Since true RCA is a system, and not merely a task, we will break down the RCA system into its sequential components (subsystems). It will be more digestible this way. Let’s get started!
1. Management Support Systems – Setup
In this section we will explore the management support systems in place, to aid our analysts in the field. We will make statements relative to these systems and seek input from those who are affected by them.
These should be self-explanatory. They attempt to establish the existence of a solid support foundation for the RCA effort. If the analysts give these elements poor ratings, this indicates the support systems in place are weak for various reasons. They could be weak because they don’t exist, they exist and are inadequate, they are adequate and not followed, they are adequate and not enforced, etc. From an initial assessment standpoint, if this section overall is rated poorly, then we know we must give attention to these support systems and determine why the rank and file feel they are not effective. If the people doing the work feel they have little to no support, they will do the minimal amount of work to get by. They will take on the paradigm, ‘If leadership doesn’t care, why should we?’

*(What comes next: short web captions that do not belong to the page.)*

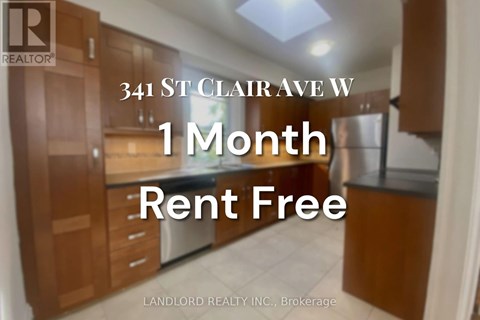 A sign advertising a 1 month rent free offer from Landlord Realty Inc.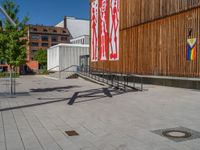 a group of people riding skateboards near wooden panels and stairss with artwork on them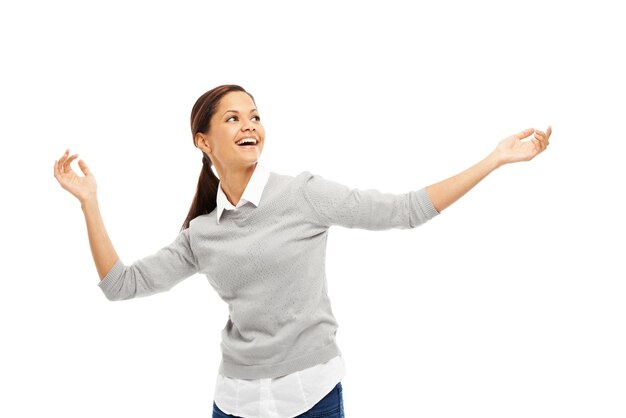 Mujer feliz bailando y música con las manos abiertas para la celebración o la libertad en el estudio sobre un fondo blanco Persona femenina joven o modelo emocionado con actitud despreocupada para ganar buenas noticias o alivio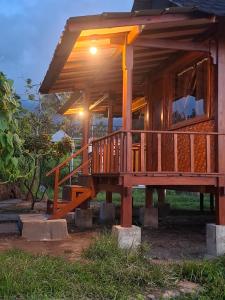 a house with a large deck with a light on it at SleepHere Homestay in Bayan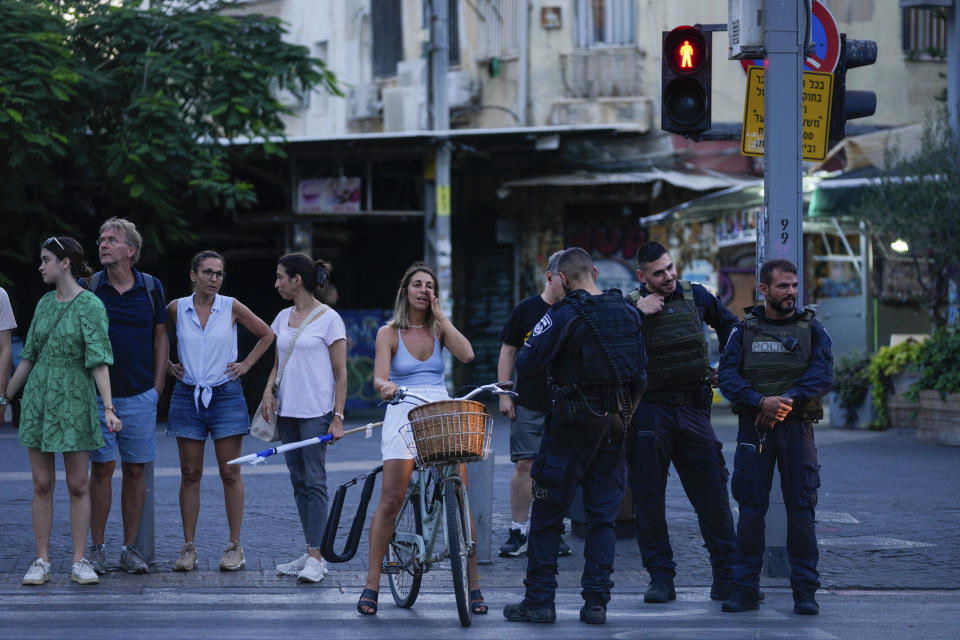 Israeli police inspect the site of a shooting attack in Tel Aviv, Israel, Saturday, Aug 5, 2023. Israeli authorities said Saturday that a Palestinian gunman opened fire in central Tel Aviv, critically wounding one person who was transferred to the hospital. The gunman was shot and received medical treatment for his wounds. (AP Photo/Maya Alleruzzo)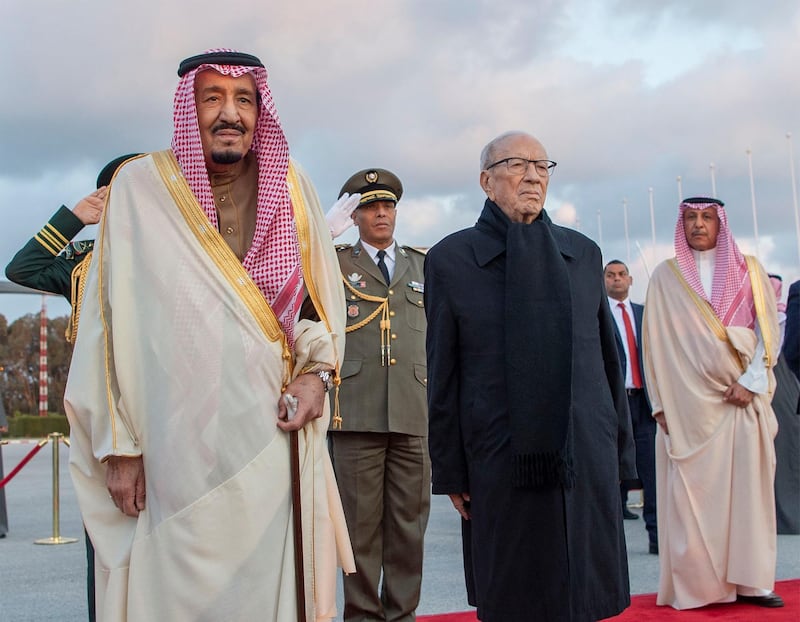 Essebsi posing for a picture during a welcoming ceremony at Tunis-Carthage International Airport with Saudi Arabia's King Salman. AFP Photo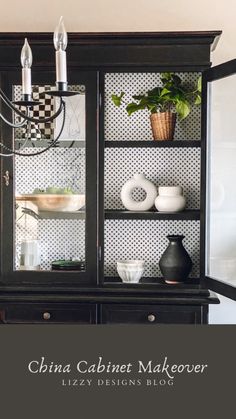 a black china cabinet with glass doors and plants on top, next to a potted plant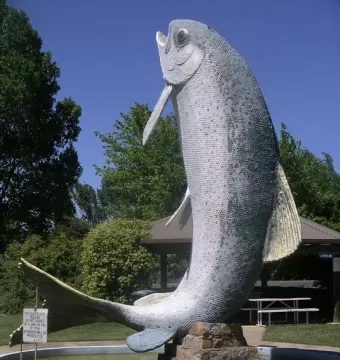 The Big Trout sculpture standing in a circular pool with trees and a gazebo nearby.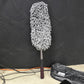 Microfiber car cleaning mop for removing dust from car interior surfaces.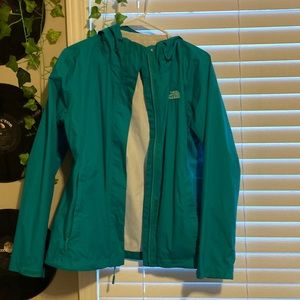 Teal north face raincoat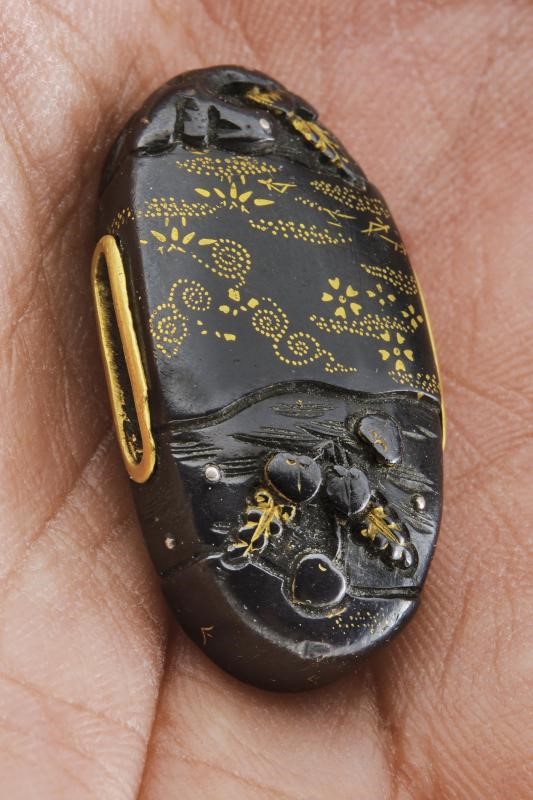 Giappone, Fuchi-kashira in shakudo nanako-ji con decoro in takabori e intarsi in oro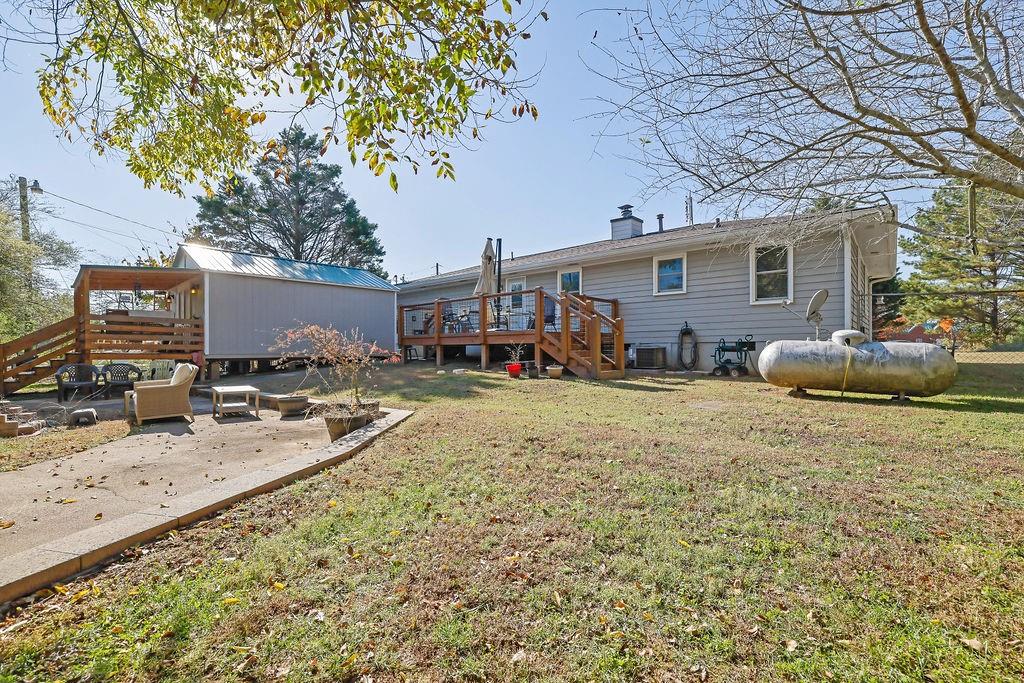 7618 Vaughn Road Woodstock, GA 30188 - Photo 37 of 44 a view of a house with backyard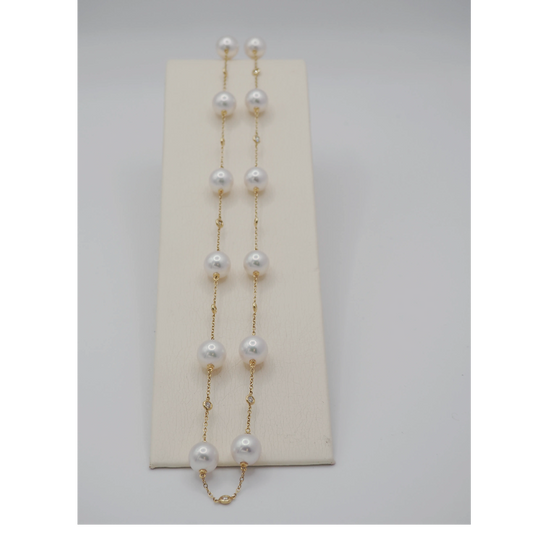 Single Row of Diamond and Akoya Pearl Necklace on a 18k Yellow Gold Chain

2. Proactive RCA – Use of FMEA & Opportunity Analysis
This section focuses on how and where we apply our RCA approaches. Traditionally, we only apply formal RCA per some type of reactive triggers (i.e. – costs, injury, death, regulatory violation, fines, etc.). These are usually set by various regulatory agencies that require the use of RCA to investigation the more severe undesirable outcomes. However, more progressive organizations, especially those on their journeys to being High Reliability Organizations (HRO), will seek to apply RCA proactively. So what does that mean?
FMEA. Most are familiar with the risk assessment tool referred to as Failure Modes and Effects Analysis or FMEA. This tool is designed to quantifiably measure risk using the following universal calculation:
Probability x Severity = Criticality (or Risk Prioritization Number – RPN)
The end result of this type of analysis is a prioritized listing of the highest risks in a given process.
There is absolutely no reason an RCA cannot be applied to an unacceptable, high risk event (or a near miss which can also be a high risk). This is truly a proactive application of RCA because we are analyzing why risks are so high, instead of responding to the consequences (reacting) of risks that have already materialized.
OPPORTUNITY ANALYSIS (OA). Most are not familiar with this tool, but it will be your greatest friend when attempting to communicate with your finance people. The OA tool essentially makes the business case, complete with potential ROI, for applying RCA to chronic failures that do not rise to the level of hitting defined triggers. These chronic failures are the ones that happen every shift (viewed as ‘a cost of doing business) and create the need to develop workarounds, because we don’t have time to fix the flawed management system problems. These are the failures that on their individual occurrences seem insignificant, but when calculated over a year’s time, they are eating our lunch!! .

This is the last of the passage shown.